Provided records:
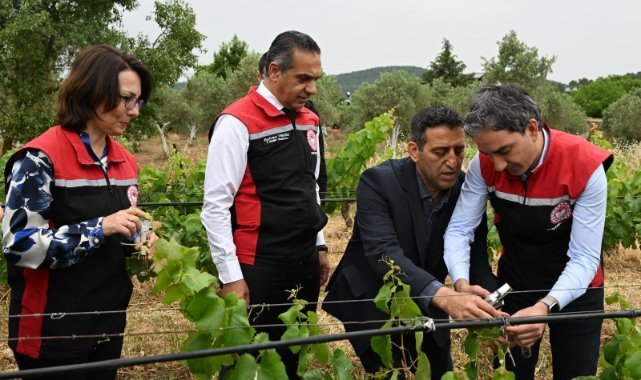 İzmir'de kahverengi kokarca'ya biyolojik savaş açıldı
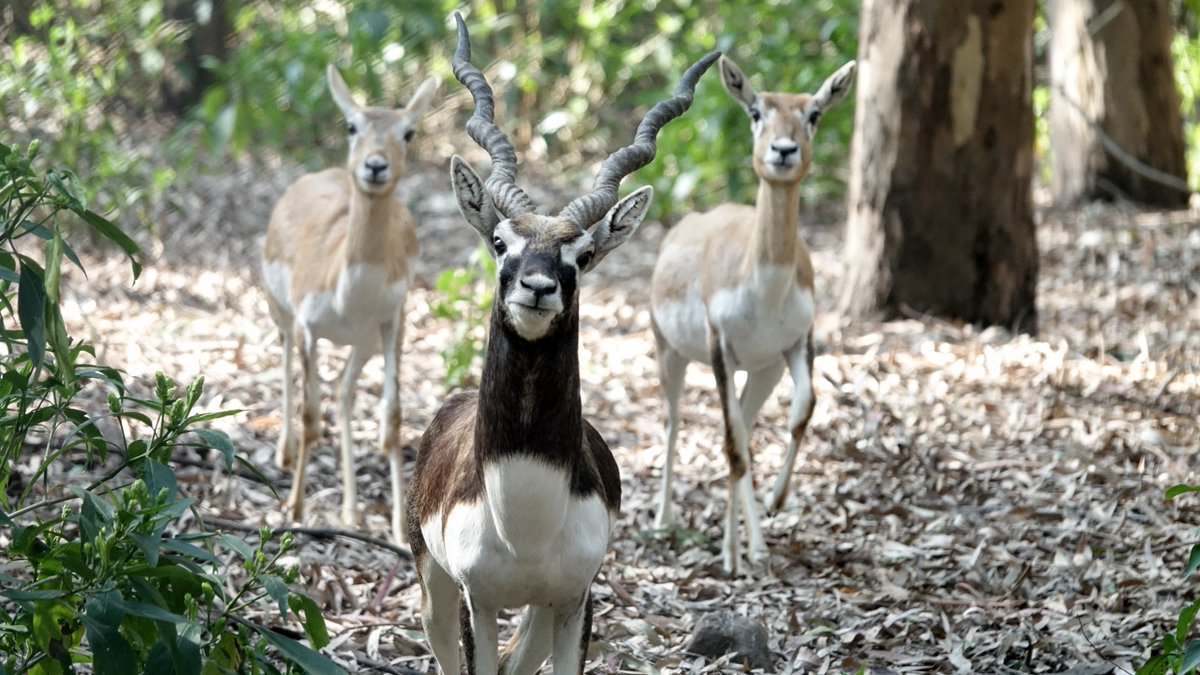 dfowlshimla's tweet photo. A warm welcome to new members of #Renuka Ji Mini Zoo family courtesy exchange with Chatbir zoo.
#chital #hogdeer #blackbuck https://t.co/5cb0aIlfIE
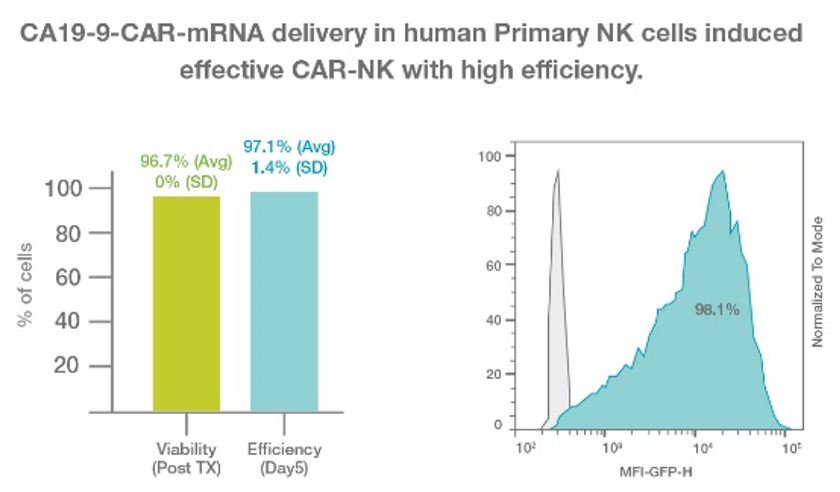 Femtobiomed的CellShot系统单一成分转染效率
==
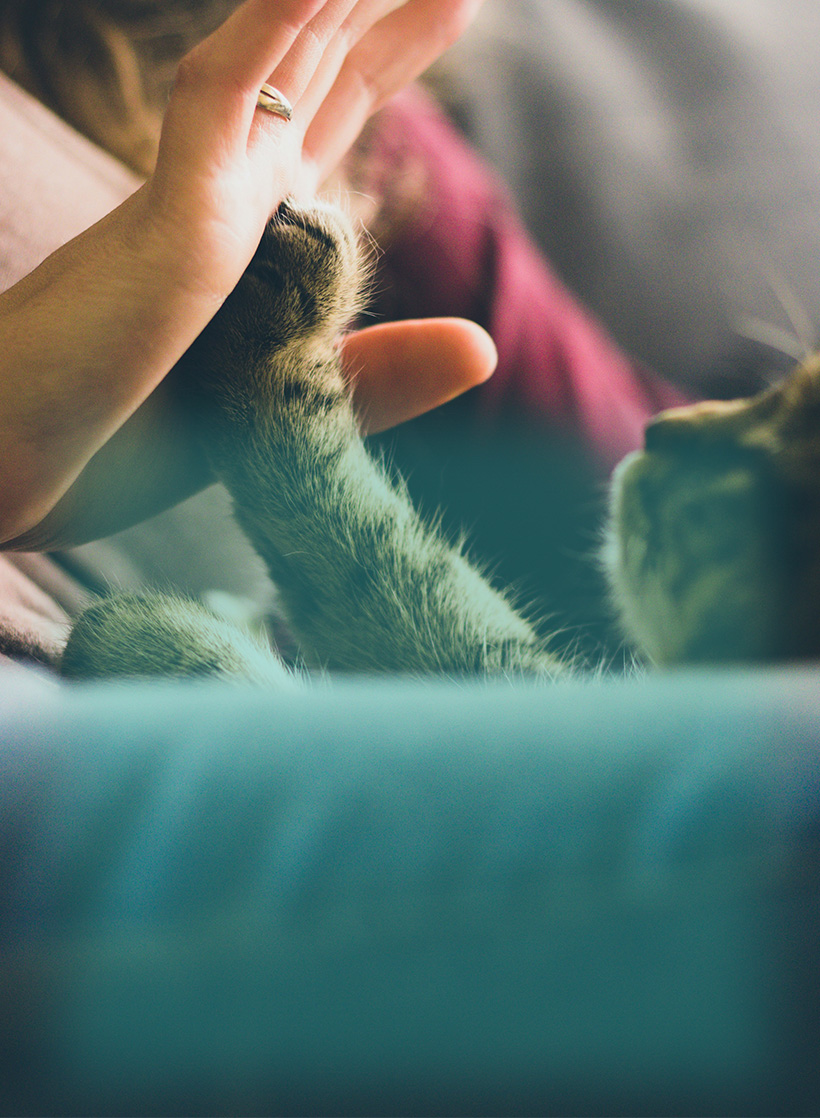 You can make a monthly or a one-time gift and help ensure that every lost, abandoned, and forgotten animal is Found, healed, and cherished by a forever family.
---
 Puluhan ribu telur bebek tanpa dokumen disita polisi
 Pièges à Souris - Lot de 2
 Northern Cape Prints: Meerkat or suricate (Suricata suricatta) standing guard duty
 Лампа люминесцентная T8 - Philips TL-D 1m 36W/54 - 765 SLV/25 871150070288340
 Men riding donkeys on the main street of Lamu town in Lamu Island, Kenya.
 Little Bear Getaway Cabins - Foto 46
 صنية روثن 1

Assignment:
Copy word for word the lines of the records above from the one with "İzmir'de kahverengi kokarca'ya" up to and including the one with "Femtobiomed的CellShot系统单一成分转染效率". Skip the pictures.

Written solution:
 İzmir'de kahverengi kokarca'ya biyolojik savaş açıldı
 dfowlshimla's tweet photo. A warm welcome to new members of #Renuka Ji Mini Zoo family courtesy exchange with Chatbir zoo.
#chital #hogdeer #blackbuck https://t.co/5cb0aIlfIE
 Femtobiomed的CellShot系统单一成分转染效率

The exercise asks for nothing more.